Number one, older players are viewing the D-League as a viable avenue to get back into the NBA. Players are saying even though I won’t make as much money as abroad, I’ll suck it up and hopefully get noticed. Secondly, the European teams, with a few exceptions, aren’t paying what they used to because of the economic crisis. So the disparity has changed a little bit in comparison of what you could make there as a young player compared to what you can make in the D-League.
So you look at the opportunity cost. It’s not so much money now that they just can’t afford to say goodbye to the D-League and go to Europe. Yes, it’s more money over there, but the opportunity is greater here to be scouted and teams are keeping those guys in the forefront of their options.
That wasn’t always the case during the history of the league. And then I think you’ve got more teams seriously working the D-League than ever before whether it is with their own affiliates, outright ownership, the hybrid deal. So I think it has gotten better and better and will continue to grow in the future. I don’t think we’ve seen the peak of what the D-League will be.
3SOB: Now High School players can go directly to the D-League and not have to go to college right?
CW: No. Well that’s true but I’m not sure the trick to get into the draft. It’s not like you can just roll out of bed after your junior year and declare for the draft. They have to be in the draft and I’m not sure of how they go about doing that.
For example, Glen Rice, Jr. He wasn’t a high school player but he was a college player who got dismissed from the Georgia Tech program.
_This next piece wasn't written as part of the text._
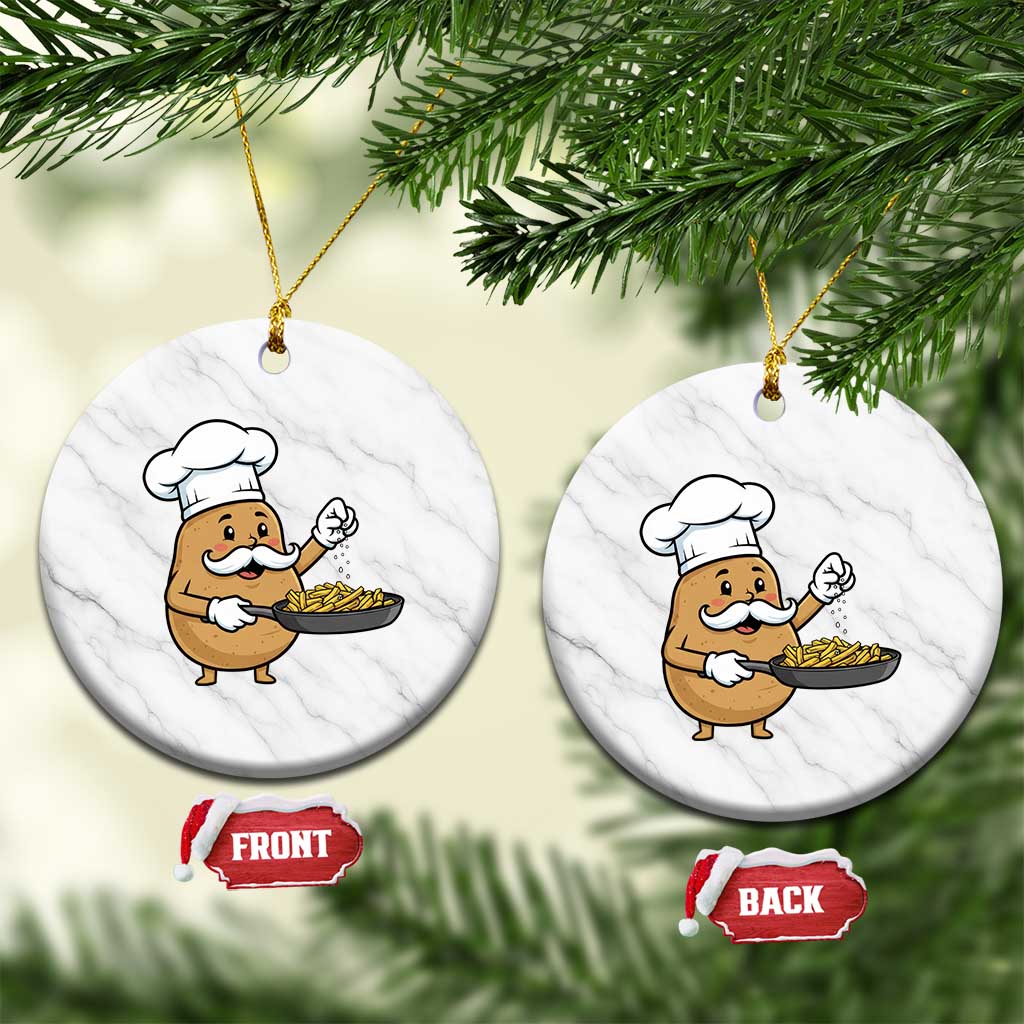 Funny Potato Cooking French Fries Ceramic Ornament Food Lover Gift TS12 1pc White Marble Print Your Wear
Rather than transfer to another school and sit out, he and his father and a representative said hey, let’s just go into the D-League.
So he got drafted by the Rio Grande Valley, the eventual D-League champs, who Houston has a hybrid relationship with, and I’m not sure how he got into that draft. He’d have to petition the NBA, show some sort of cause on why he can’t go back to college or does he just go directly into the draft. …I don’t know exactly how that works. Now that was a very interesting route that Rice took rather than petition to transfer to another college.
He’s clearly going to get drafted this year. He ended up being a starter on a championship team for the 2nd half of the season.
There was one other guy I recall that got drafted from the D-league to the NBA, Mike Taylor out of Iowa State I believe. Still that is an unusual route to take from college. There may have been a few others but you don’t hear a lot about it.
3SOB: What about that player went straight from high school?
CW: That was Jeremy Tyler who went from High School to Israel to Japan before reaching the NBA in the draft. He never went to the D-League before he was drafted.
Unfortunately at this moment Chris Wallace had to take a phone call and we had to end the interview.
3 Shades of Blue wants to thank Chris Wallace for the time taken for this interview and to thank him for all he’s done for our blog, the team and the city during his time here. He’s been a great ambassador for the team and if he doesn’t return he will be missed as much for who he is as for what he has done for the team.